The RBI Governor noted that the signs of recovery have strengthened further since the last meeting of the MPC:

-Improvement in capacity utilisation in the manufacturing sector to 63.3 percent in Q2:2020-21 from 47.3 percent in previous quarter. 

- Consumer confidence is reviving and business expectations of manufacturing, services and infrastructure remain upbeat. 

-There has been growth at robust pace in the movement of goods and people and domestic trading activity.

- Electricity and energy demand reflect a broader normalisation of economic activity than in December, even as fears of second wave abate. 

- There is renewed confidence in the real estate sector, as per data for sales and new launches of residential units in major metropolitan centres.

- Manufacturing, services and composite purchasing managers’ indices (PMI) are in expansion zones with manufacturing PMI rising to 57.7 in January 2021 from 56.4 in December 2020 and the services PMI rising to 52.8 in January 2021 from 52.3 in December 2020.

-The COVID-19 vaccination drive is expected to provide an impetus for the restoration of contact intensive sectors.

-Foreign Direct Investment and Foreign Portfolio Investment to India have risen in recent months, reposing faith in the impressive recovery in the Indian economy. 

-The speed of daily national highway construction is also rising and the pace of award of national highway projects in 2020-21 has doubled year-on-year.

-The flow of financial resources to the commercial sector has been improving, particularly in respect of non-food bank credit and via commercial paper (CPs), credit by housing finance companies, private placement of corporate bonds and foreign direct investment. The total flow of these resources is ₹8.85 lakh crore this year so far (up to January 15, 2021), compared with ₹7.97 lakh crore during the corresponding period of last year. 

-The latest bank lending survey of the RBI suggests a further sequential improvement in sentiment on loan demand across all sectors right up to Q2:2021-22.

-The projection for CPI inflation has been revised to 5.2 per cent for Q4 of FY 2020-21, 5.2 per cent to 5.0 per cent in H1 of FY 2021-22 and 4.3 percent for Q3 of FY 2021-22, with risks broadly balanced. 
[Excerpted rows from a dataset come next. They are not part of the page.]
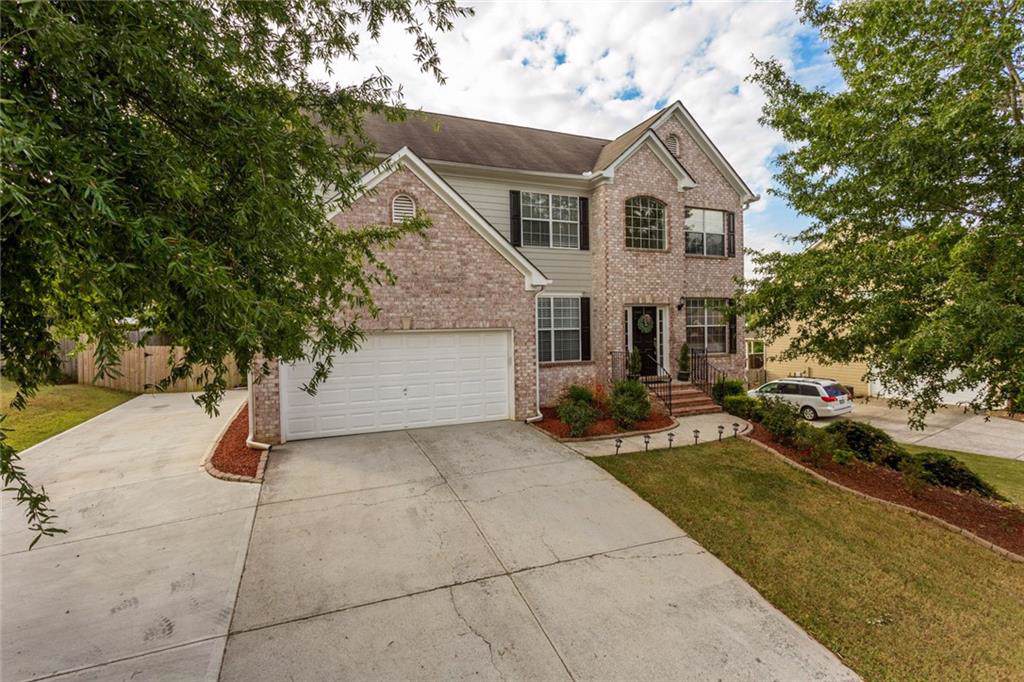 1072 Forest Creek Drive - Photo 1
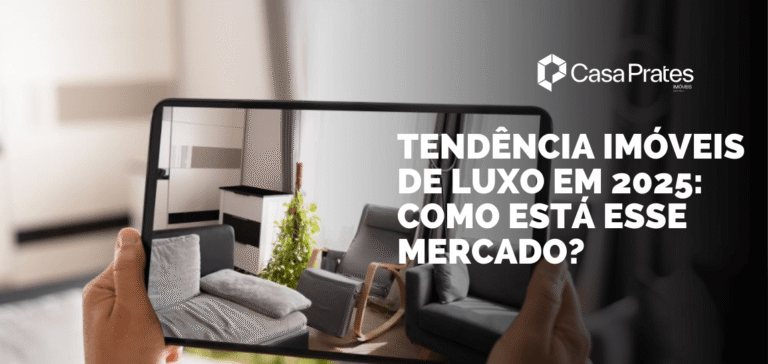 Pessoa segura um tablet exibindo sala de estar moderna com realidade aumentada, representando o uso de tecnologia nas tendências de imóveis de luxo em 2025.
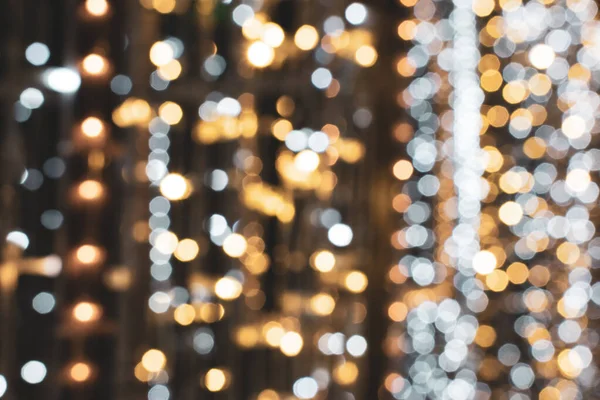 Vánoční světla. Vánoce. Slavnostní Nový rok rozmazané zlaté, stříbrné a černé pozadí. Jiskřivé pozadí, textura. Bokeh Stock Fotografie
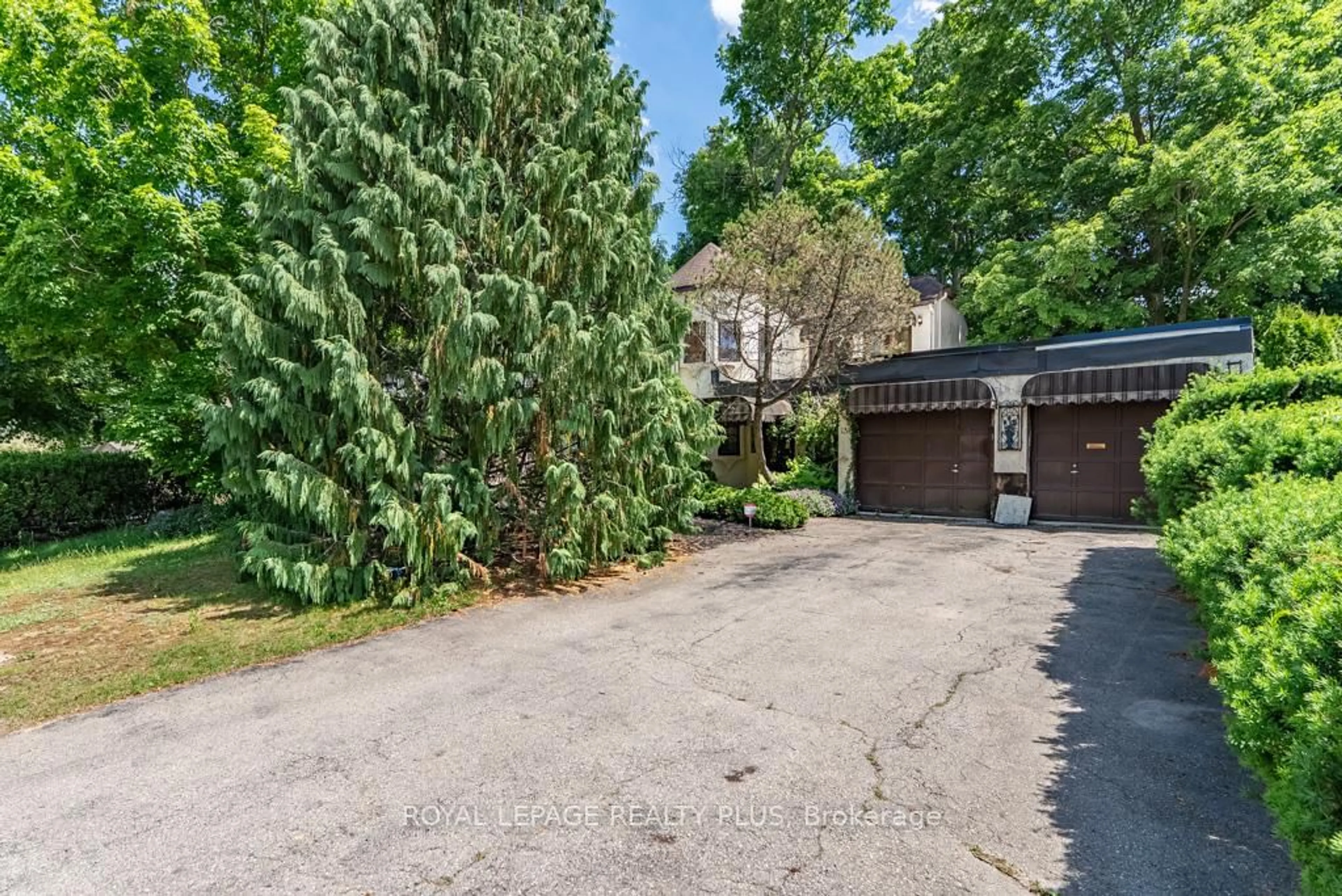 Unknown for 131 Gunn Ave, Cambridge Ontario N3C 2Z5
-The Government would be reviewing the inflation target for the next five years by March 2021.

Union Budget 2021

The RBI Governor stated that the Union Budget 2021-22 has provided a strong impetus for the revival of sectors such as health and well-being, infrastructure, innovation and research,
among others. 

He stated that this will have a cascading multiplier effect going forward, especially in improving the investment climate and reinvigorating domestic demand, income and  employment. 

He further stated that the investment-oriented stimulus under AatmaNirbhar 2.0 and 3.0 (given during the peak of the pandemic) has started working its way through and is improving the spending momentum along with the quality of public investment. 

The RBI Governor noted that both will facilitate regaining India’s growth potential over the medium-term. 

While concluding, the RBI Governor said that it is their strong conviction, backed by forecasts, that in 2021-22, we would undo the damage that COVID-19 has inflicted on the economy and that going forward, we see the Indian economy moving in only one direction and that is upward.


This is the first Monetary Policy review by  RBI Governor  Shaktikanta Das after the presentation of Union Budget 2021-22.